Dieter Brei

Personal information
- Date of birth: 30 September 1950 (age 74)
- Place of birth: Verl, West Germany
- Position(s): Midfielder

Senior career*
- Years: Team / Apps / (Gls)
- 1970–1972: Arminia Bielefeld / 43 / (3)
- 1972–1981: Fortuna Düsseldorf / 221 / (30)

Managerial career
- 1985–1987: Fortuna Düsseldorf
- 1997: Rot-Weiss Essen
- 1998: FC Gütersloh
- 2002–2003: SC Verl
- 2007–2008: SC Wiedenbrück 2000

= Dieter Brei =

German footballer

Dieter Brei (30 September 1950) is a former German footballer, now a football trainer.

==Biography==
Brei was born in Verl near Bielefeld in North Rhine-Westphalia. He began his football career in the early days of black and white television broadcasting. In 1970, he transferred to Arminia Bielefeld in the Bundesliga, where he played in 43 games and scored three goals.

After the team's relegation in 1972, he transferred to Fortuna Düsseldorf where he continued his playing career, scoring 30 goals in 221 games, until injuries forced him to retire in 1981. During this time he won as a member of the winning Fortuna team the DFB-Pokal in the years 1979 and 1980. Overall as a defensive and midfield player he played in 264 Bundesliga games, in which he scored 33 goals.

In 1974, Brei made his only appearance at national level, in the German B team, when he was put on as a substitute in Kiel against Sweden. The high point, and simultaneously the low point, of his career was the final of the European Cup Winners' Cup of 16 May 1979, in which Fortuna Düsseldorf lost 3–4 to FC Barcelona after extra time. Brei had to be substituted after only 25 minutes because of a knee injury, which despite two operations signalled the end of his playing career.
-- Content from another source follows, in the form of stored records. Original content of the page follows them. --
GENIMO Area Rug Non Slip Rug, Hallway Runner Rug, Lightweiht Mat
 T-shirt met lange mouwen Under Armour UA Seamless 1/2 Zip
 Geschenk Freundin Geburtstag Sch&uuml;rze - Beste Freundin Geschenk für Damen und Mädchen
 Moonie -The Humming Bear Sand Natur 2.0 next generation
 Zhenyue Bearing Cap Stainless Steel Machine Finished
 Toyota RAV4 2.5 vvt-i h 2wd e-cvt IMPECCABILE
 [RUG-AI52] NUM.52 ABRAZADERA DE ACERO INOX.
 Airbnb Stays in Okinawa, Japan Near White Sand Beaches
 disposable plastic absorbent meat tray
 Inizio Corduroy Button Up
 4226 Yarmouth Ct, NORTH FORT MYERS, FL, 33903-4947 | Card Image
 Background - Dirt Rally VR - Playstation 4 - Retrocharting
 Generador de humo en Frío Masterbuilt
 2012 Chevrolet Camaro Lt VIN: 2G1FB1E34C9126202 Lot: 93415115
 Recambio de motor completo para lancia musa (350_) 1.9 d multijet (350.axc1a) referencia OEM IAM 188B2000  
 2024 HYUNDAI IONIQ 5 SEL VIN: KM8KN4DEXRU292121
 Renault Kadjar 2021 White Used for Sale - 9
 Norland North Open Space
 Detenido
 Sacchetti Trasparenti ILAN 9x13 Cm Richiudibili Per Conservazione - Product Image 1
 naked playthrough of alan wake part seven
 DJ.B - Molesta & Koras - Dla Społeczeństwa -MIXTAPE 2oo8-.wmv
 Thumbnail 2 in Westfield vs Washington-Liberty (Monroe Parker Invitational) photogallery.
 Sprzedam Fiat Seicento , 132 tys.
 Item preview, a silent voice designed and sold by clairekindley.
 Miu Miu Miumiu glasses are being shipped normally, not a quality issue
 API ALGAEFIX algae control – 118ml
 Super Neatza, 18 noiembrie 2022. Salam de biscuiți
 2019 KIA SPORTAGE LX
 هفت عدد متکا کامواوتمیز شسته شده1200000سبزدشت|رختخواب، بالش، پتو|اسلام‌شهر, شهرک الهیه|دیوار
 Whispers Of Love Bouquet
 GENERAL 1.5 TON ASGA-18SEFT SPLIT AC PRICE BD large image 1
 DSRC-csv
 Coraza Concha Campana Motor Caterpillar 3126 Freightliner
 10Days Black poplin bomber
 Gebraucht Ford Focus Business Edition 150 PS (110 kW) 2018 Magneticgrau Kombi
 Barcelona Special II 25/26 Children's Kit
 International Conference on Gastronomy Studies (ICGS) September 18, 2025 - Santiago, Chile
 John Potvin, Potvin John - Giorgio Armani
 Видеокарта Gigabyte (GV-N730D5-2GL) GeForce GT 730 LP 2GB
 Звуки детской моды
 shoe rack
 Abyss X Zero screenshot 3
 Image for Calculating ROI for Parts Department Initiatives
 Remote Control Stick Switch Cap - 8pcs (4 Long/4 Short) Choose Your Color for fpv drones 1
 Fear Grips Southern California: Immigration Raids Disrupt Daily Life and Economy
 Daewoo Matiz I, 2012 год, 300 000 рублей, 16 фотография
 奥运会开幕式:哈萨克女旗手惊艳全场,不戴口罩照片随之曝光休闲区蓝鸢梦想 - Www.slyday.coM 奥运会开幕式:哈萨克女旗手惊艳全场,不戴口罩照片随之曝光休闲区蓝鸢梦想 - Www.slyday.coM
Fortuna Düsseldorf was Brei's first post as a trainer in the Bundesliga from 1985 to 1987. In the 1990s he trained Rot-Weiss Essen in the 2. Bundesliga and the Regionalliga, FC Gütersloh in the 2. Bundesliga, and SC Verl in the Regionalliga and the Amateur-Oberliga. Between October 2007 and June 2008 he trained the Oberliga team SC Wiedenbrück 2000.